====== DATA FOR ANALYSIS ======

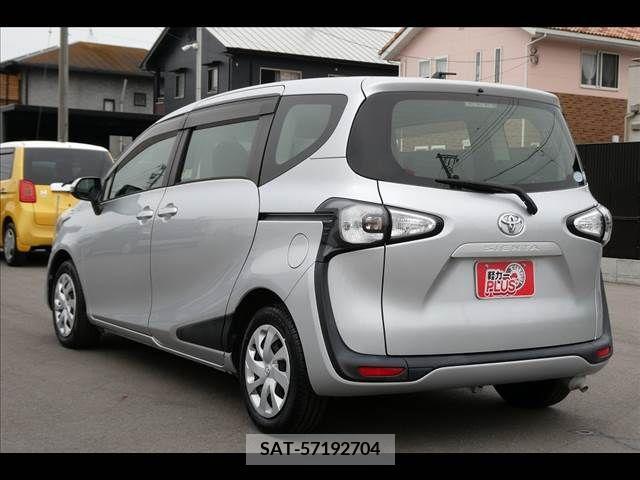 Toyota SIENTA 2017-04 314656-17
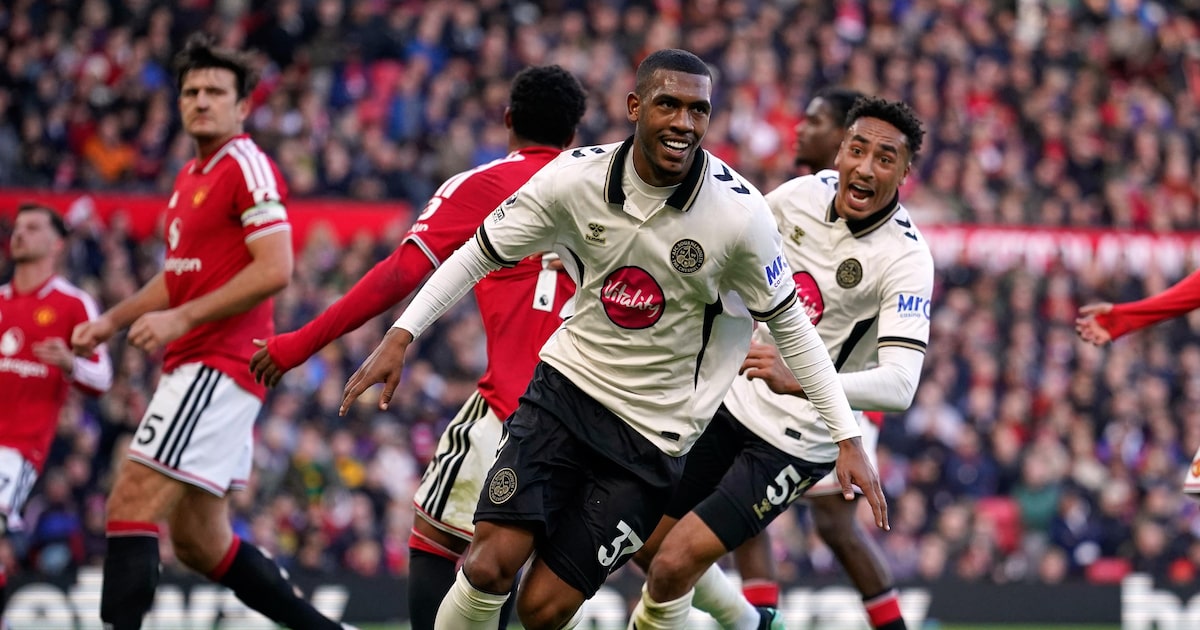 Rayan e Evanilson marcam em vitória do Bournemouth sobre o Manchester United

======
====== DATA FOR ANALYSIS ======

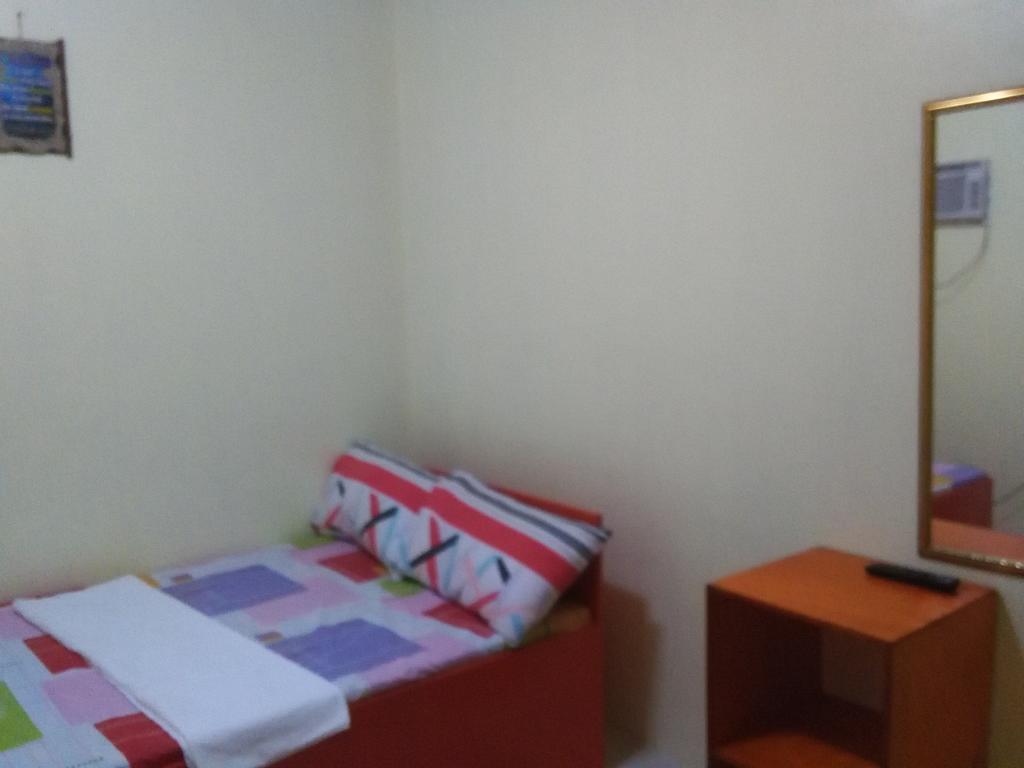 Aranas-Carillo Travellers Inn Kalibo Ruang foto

======
====== DATA FOR ANALYSIS ======

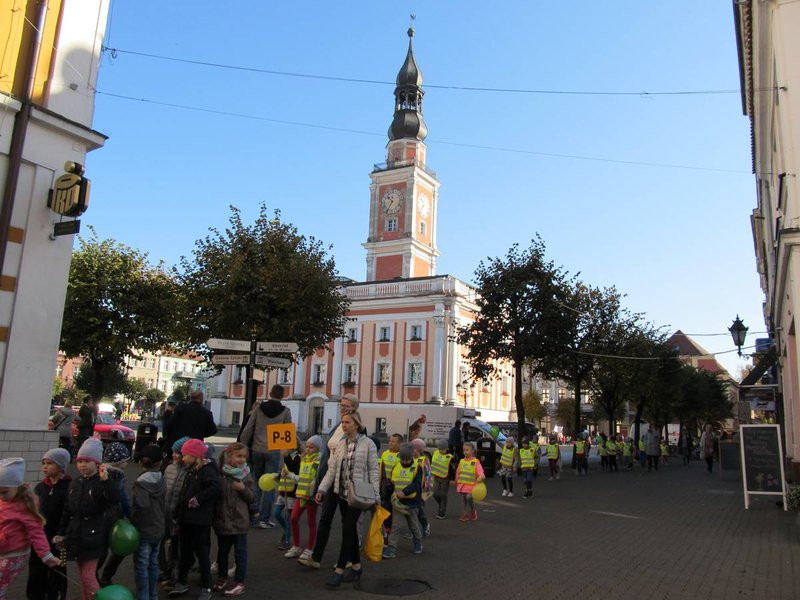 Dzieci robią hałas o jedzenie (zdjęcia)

======

What belongs in the answer is each line above from the line with "Toyota SIENTA 2017-04 314656-17" to the line with "Rayan e Evanilson", inclusive, reproduced exactly and free of pictures.

RESULT OF THE EXERCISE:
 Toyota SIENTA 2017-04 314656-17
 Rayan e Evanilson marcam em vitória do Bournemouth sobre o Manchester United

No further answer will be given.